• _AIM OF THE EXERCISE_:
Once you find the line with "Scatole di Cartone" in the entries below, return exactly every line from it through the line with "B&B Le Carrube, Prenota".

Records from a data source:
====
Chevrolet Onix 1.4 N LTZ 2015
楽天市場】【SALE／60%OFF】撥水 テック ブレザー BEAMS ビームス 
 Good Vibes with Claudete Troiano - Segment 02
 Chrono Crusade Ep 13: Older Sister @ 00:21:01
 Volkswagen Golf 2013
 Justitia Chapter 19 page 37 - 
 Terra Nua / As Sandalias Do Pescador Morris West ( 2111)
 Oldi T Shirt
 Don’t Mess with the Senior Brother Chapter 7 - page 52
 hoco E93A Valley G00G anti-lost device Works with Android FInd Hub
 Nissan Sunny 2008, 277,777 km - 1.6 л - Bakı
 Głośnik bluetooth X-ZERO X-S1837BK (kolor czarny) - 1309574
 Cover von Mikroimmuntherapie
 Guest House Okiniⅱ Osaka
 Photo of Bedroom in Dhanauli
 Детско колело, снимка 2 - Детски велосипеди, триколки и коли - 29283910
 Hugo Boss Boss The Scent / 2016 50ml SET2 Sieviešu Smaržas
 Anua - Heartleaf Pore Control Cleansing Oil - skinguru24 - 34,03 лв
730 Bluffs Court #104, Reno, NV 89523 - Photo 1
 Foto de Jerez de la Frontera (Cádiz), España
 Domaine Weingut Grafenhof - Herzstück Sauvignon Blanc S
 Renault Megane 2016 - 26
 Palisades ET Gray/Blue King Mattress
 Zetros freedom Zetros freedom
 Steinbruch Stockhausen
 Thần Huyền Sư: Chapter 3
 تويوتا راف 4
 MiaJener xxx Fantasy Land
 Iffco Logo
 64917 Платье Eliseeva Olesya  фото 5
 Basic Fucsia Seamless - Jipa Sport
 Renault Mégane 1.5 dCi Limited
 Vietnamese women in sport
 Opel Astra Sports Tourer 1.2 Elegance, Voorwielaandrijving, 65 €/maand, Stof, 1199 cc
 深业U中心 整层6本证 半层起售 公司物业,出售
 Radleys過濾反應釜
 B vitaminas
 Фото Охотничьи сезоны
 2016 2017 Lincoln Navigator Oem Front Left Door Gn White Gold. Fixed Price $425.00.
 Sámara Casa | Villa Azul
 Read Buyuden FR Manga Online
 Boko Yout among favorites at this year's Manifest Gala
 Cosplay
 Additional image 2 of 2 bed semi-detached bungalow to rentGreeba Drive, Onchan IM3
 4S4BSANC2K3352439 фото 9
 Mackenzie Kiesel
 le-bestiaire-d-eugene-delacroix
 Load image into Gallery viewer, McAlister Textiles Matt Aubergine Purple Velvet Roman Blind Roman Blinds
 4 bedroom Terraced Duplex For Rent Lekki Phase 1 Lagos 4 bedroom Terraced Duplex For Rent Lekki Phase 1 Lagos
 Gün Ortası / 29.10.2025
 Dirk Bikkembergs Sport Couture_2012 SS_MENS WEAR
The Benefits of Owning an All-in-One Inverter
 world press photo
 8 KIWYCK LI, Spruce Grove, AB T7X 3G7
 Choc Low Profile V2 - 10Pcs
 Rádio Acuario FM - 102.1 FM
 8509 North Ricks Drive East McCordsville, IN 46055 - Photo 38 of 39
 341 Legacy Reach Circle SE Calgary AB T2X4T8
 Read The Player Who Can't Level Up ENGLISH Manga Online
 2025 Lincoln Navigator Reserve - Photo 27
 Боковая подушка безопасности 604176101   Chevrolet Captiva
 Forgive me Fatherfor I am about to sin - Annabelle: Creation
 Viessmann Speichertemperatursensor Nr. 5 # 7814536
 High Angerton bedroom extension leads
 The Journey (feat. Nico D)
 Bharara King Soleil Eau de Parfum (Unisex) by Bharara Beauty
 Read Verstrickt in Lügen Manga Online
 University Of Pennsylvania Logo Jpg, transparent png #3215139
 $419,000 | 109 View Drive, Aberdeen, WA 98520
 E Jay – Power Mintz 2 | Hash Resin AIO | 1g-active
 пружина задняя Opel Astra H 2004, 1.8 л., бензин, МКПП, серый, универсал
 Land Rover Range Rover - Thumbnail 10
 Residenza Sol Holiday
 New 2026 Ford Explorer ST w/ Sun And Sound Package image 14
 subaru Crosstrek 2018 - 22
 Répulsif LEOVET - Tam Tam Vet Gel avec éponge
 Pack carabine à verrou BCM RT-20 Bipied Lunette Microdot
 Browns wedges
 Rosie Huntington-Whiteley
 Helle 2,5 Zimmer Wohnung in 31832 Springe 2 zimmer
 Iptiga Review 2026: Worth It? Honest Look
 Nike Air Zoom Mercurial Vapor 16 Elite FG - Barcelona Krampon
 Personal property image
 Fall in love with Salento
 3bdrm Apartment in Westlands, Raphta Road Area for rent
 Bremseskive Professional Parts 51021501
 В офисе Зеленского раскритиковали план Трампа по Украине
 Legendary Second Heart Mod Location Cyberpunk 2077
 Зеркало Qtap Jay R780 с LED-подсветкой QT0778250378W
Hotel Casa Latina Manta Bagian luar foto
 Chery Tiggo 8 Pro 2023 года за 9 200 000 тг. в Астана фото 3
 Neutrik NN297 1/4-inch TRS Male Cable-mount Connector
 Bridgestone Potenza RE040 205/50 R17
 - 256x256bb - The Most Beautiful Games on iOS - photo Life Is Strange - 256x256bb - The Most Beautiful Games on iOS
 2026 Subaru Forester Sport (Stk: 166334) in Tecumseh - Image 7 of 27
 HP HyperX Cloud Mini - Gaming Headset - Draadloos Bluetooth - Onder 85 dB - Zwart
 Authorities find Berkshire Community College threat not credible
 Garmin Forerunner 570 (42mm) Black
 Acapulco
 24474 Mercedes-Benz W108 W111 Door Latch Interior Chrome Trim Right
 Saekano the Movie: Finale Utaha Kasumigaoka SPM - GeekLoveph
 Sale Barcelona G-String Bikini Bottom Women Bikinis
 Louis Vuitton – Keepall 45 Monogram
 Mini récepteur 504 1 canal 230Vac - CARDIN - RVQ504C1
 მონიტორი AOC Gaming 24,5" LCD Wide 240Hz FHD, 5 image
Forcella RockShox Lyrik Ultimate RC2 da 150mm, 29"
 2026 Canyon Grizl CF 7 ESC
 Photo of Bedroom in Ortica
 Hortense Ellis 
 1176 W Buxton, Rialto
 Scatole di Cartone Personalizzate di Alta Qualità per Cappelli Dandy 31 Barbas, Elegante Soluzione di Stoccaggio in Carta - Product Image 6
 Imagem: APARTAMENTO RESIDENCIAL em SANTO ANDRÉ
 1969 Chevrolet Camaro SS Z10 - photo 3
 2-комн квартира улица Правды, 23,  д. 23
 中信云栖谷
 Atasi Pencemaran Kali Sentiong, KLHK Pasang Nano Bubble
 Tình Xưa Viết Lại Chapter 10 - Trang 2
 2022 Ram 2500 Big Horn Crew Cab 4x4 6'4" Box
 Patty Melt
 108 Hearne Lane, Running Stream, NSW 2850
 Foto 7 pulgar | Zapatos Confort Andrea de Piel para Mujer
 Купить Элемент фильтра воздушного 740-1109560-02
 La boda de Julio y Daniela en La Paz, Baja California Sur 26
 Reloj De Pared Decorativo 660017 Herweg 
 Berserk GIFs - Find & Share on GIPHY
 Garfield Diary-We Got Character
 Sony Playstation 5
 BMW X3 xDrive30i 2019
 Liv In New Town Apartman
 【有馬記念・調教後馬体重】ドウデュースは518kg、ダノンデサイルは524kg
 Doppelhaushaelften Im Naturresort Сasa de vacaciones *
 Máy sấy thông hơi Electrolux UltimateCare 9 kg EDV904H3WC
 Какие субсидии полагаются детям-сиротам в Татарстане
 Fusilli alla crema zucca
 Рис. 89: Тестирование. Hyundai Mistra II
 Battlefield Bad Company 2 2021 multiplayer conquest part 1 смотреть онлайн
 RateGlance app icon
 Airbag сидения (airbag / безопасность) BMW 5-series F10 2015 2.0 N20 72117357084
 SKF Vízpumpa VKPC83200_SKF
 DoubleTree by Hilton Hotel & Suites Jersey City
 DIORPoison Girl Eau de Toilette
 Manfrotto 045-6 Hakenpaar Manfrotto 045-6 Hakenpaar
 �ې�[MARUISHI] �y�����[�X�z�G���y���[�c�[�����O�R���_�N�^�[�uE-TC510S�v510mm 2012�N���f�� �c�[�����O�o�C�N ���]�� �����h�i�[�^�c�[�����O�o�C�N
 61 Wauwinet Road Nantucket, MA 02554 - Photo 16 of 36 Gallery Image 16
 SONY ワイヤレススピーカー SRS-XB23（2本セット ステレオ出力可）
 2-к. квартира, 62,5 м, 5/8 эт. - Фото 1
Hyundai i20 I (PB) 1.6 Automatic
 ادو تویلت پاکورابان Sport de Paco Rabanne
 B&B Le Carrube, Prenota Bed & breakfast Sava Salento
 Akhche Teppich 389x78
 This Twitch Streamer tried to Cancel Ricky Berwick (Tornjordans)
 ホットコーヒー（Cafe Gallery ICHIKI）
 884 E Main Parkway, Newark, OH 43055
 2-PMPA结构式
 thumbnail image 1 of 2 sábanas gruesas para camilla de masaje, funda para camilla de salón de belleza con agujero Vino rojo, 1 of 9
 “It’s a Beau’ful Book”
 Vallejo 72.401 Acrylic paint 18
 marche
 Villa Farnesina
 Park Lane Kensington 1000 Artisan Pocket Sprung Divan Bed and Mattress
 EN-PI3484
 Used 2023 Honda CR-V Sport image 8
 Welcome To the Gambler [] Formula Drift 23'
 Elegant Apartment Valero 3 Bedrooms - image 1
====
• _OUTPUT FOR THIS TASK_:
 Scatole di Cartone Personalizzate di Alta Qualità per Cappelli Dandy 31 Barbas, Elegante Soluzione di Stoccaggio in Carta - Product Image 6
 Imagem: APARTAMENTO RESIDENCIAL em SANTO ANDRÉ
 1969 Chevrolet Camaro SS Z10 - photo 3
 2-комн квартира улица Правды, 23,  д. 23
 中信云栖谷
 Atasi Pencemaran Kali Sentiong, KLHK Pasang Nano Bubble
 Tình Xưa Viết Lại Chapter 10 - Trang 2
 2022 Ram 2500 Big Horn Crew Cab 4x4 6'4" Box
 Patty Melt
 108 Hearne Lane, Running Stream, NSW 2850
 Foto 7 pulgar | Zapatos Confort Andrea de Piel para Mujer
 Купить Элемент фильтра воздушного 740-1109560-02
 La boda de Julio y Daniela en La Paz, Baja California Sur 26
 Reloj De Pared Decorativo 660017 Herweg 
 Berserk GIFs - Find & Share on GIPHY
 Garfield Diary-We Got Character
 Sony Playstation 5
 BMW X3 xDrive30i 2019
 Liv In New Town Apartman
 【有馬記念・調教後馬体重】ドウデュースは518kg、ダノンデサイルは524kg
 Doppelhaushaelften Im Naturresort Сasa de vacaciones *
 Máy sấy thông hơi Electrolux UltimateCare 9 kg EDV904H3WC
 Какие субсидии полагаются детям-сиротам в Татарстане
 Fusilli alla crema zucca
 Рис. 89: Тестирование. Hyundai Mistra II
 Battlefield Bad Company 2 2021 multiplayer conquest part 1 смотреть онлайн
 RateGlance app icon
 Airbag сидения (airbag / безопасность) BMW 5-series F10 2015 2.0 N20 72117357084
 SKF Vízpumpa VKPC83200_SKF
 DoubleTree by Hilton Hotel & Suites Jersey City
 DIORPoison Girl Eau de Toilette
 Manfrotto 045-6 Hakenpaar Manfrotto 045-6 Hakenpaar
 �ې�[MARUISHI] �y�����[�X�z�G���y���[�c�[�����O�R���_�N�^�[�uE-TC510S�v510mm 2012�N���f�� �c�[�����O�o�C�N ���]�� �����h�i�[�^�c�[�����O�o�C�N
 61 Wauwinet Road Nantucket, MA 02554 - Photo 16 of 36 Gallery Image 16
 SONY ワイヤレススピーカー SRS-XB23（2本セット ステレオ出力可）
 2-к. квартира, 62,5 м, 5/8 эт. - Фото 1
Hyundai i20 I (PB) 1.6 Automatic
 ادو تویلت پاکورابان Sport de Paco Rabanne
 B&B Le Carrube, Prenota Bed & breakfast Sava Salento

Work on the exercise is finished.